= Supplied information =

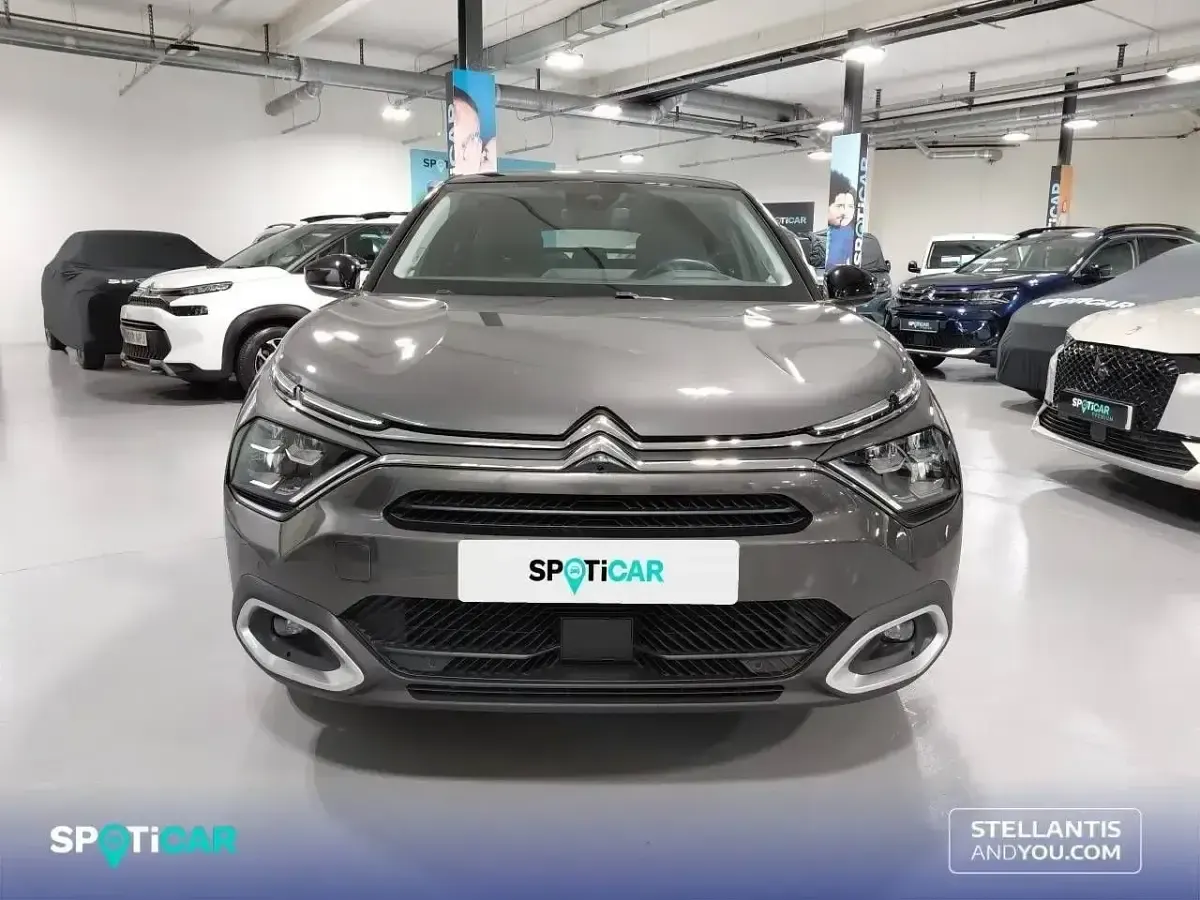 Usado Citroën C4 131 CV (96 kW) 2024 Gris SUV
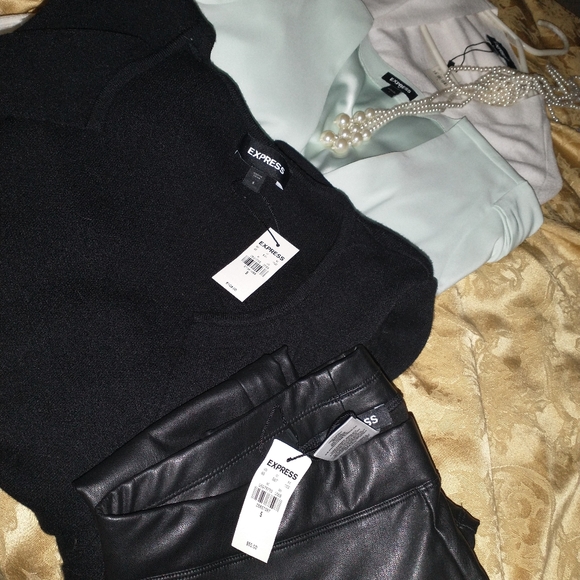 NWT Womans Express bundle - Picture 7 of 7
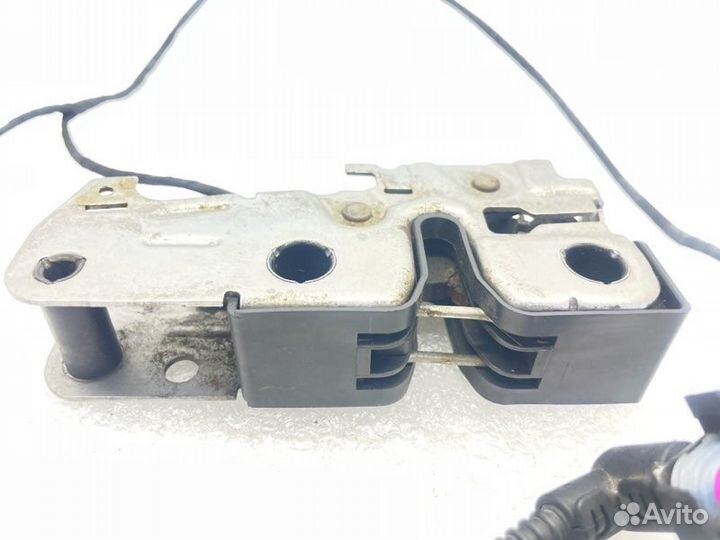 Замок капота Volkswagen Passat B7 2011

= Exercise requirements =
Leaving aside the pictures, copy the listing above exactly.

= Written reply =
 Usado Citroën C4 131 CV (96 kW) 2024 Gris SUV
 NWT Womans Express bundle - Picture 7 of 7
 Замок капота Volkswagen Passat B7 2011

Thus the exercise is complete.